Rzecz jasna pracownik nie ma obowiązku znajomości na pamięć Kodeksu pracy i jego zawiłości, dlatego ustawodawca przyjął, że wspomniane wypowiedzenie musi zawierać dokładne pouczenie o tym, co może zrobić jego adresat. Jeśli odpowiedniej instrukcji nie zamieścimy, wówczas pracownik ma czas na złożenie oświadczenia o braku zgody na proponowane zmiany do ostatniego dnia wypowiedzenia o pracę.
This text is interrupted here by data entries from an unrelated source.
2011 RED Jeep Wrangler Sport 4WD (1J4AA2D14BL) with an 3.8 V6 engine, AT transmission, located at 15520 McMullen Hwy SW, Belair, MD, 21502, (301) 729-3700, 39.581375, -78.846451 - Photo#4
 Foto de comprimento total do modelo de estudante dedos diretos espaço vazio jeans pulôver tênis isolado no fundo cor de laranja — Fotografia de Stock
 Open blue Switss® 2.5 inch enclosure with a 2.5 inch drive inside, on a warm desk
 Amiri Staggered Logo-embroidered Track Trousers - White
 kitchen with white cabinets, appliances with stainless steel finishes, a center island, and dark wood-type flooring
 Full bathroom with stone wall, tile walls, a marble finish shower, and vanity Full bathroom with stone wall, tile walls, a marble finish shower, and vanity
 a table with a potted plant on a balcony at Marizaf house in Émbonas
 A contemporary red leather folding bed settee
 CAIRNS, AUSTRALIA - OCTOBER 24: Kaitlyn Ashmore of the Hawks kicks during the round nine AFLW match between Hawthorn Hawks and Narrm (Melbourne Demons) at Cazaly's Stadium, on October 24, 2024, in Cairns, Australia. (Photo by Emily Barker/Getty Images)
Jeden z naszych czytelników, opisał nam sytuację sprzed kilku miesięcy, kiedy wręczył wypowiedzenia zmieniające czterem pracownikom. Trzech z nich przyjęło zmiany ze zrozumieniem. Jeden zaś, zaskarżył wypowiedzenie. Przedsiębiorca mylnie uznał, że taki akt oznacza odrzucenie nowych warunków i przyjął, że wkrótce dojdzie do rozwiązania umowy o pracę z tą osobą. Nic z tego. Jak czytamy na stronie zielonalinia.gov.pl - „takie zaskarżenie nie powoduje automatycznego rozwiązania stosunku pracy i nie jest równoznaczne z odmową przyjęcia przez pracownika zaproponowanych mu nowych warunków”.
W tym przypadku, zaskarżenie zostało oddalone, a pracownik… przyjął nowe warunki i dalej pracuje w firmie. Z powodu braku wiedzy jednego i drugiego, sprawa mocno się komplikowała. Ostatecznie obaj panowie doszli do porozumienia.
Stare powiedzenie mówi, że papier jest cierpliwy i wszystko przyjmie. Jednak nie w tym wypadku. Wypowiedzenie zmieniające nie zadziała, jeśli chcemy zmienić umowę na czas nieokreślony na umowę terminową.
Wypowiedzenia zmieniającego nie możemy też wręczyć osobie, której brakują 4 lata do emerytury. I jeszcze jedno… wypowiedzenie zmieniające jest prawem pracodawcy. Pracownik takiego wypowiedzenia nie może złożyć.